Battery protection circuits will go green when charged, then accept a trickle after if you switch off and on. I wouldn't advise doing that, as the protection circuit senses it's charged, so leave it there, and not keep trying to top up more.

Batteries don't like the cold.


----------



## ebikeerwidnes (7 Apr 2021)

Errr
hang on
if you are riding at 16/18 mph then the motor should have cut out for a lot of your ride - or at least only helping a bit

so 28 miles is VERY low

BUT
I'm not sure exactly what you are saying - and EXACT is important here

When you charged it - how long did it take from start to fully charged??

what did the charge display show after the 28 miles??
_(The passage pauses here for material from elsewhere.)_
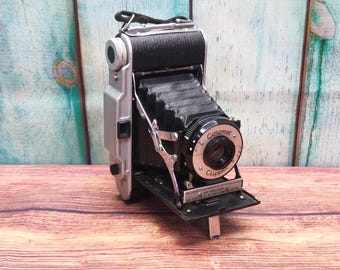 Appareil Photo Gevaert Gevabox - Type Box - Format 120 (6x9) - Occasion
was the bike assist cutting out at the ed of the ride - or riding with normal assists - or NO assist

If it was on charge for x hours (where x is 1-4) then OK
when it is unplugged and then restarted it will take a while to work out what is going on and what colour the light should be.
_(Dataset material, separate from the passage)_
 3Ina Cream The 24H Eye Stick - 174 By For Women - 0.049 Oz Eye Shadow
I suggest that you assume the charge is FULL

then go for another ride - do the 28 miles - or something like that - ending with a loop close to home - maybe a few loops so if it cuts out you are close to home

then charge it and see how long it takes to get to full charge

then post the mileage and charge state here -

let us know what the result are and hopefully someone can comment on whether or not the battery needs to be returned

it is s known problem with ebike that some of the batteries sit on shelves for ages with no usage and no charge - and this can mess them up
although as the demand has been massive recently it seems unlikely at the moment

but let us know!


----------



## Drago (7 Apr 2021)

Halfords claim "_Max range up to 40 miles". _They do not claim it is something you'll realistically achieve every single ride, so I see no reason to be annoyed. In warm weather, on flat terrain with light rider and intellogemt use of the modes it is doable.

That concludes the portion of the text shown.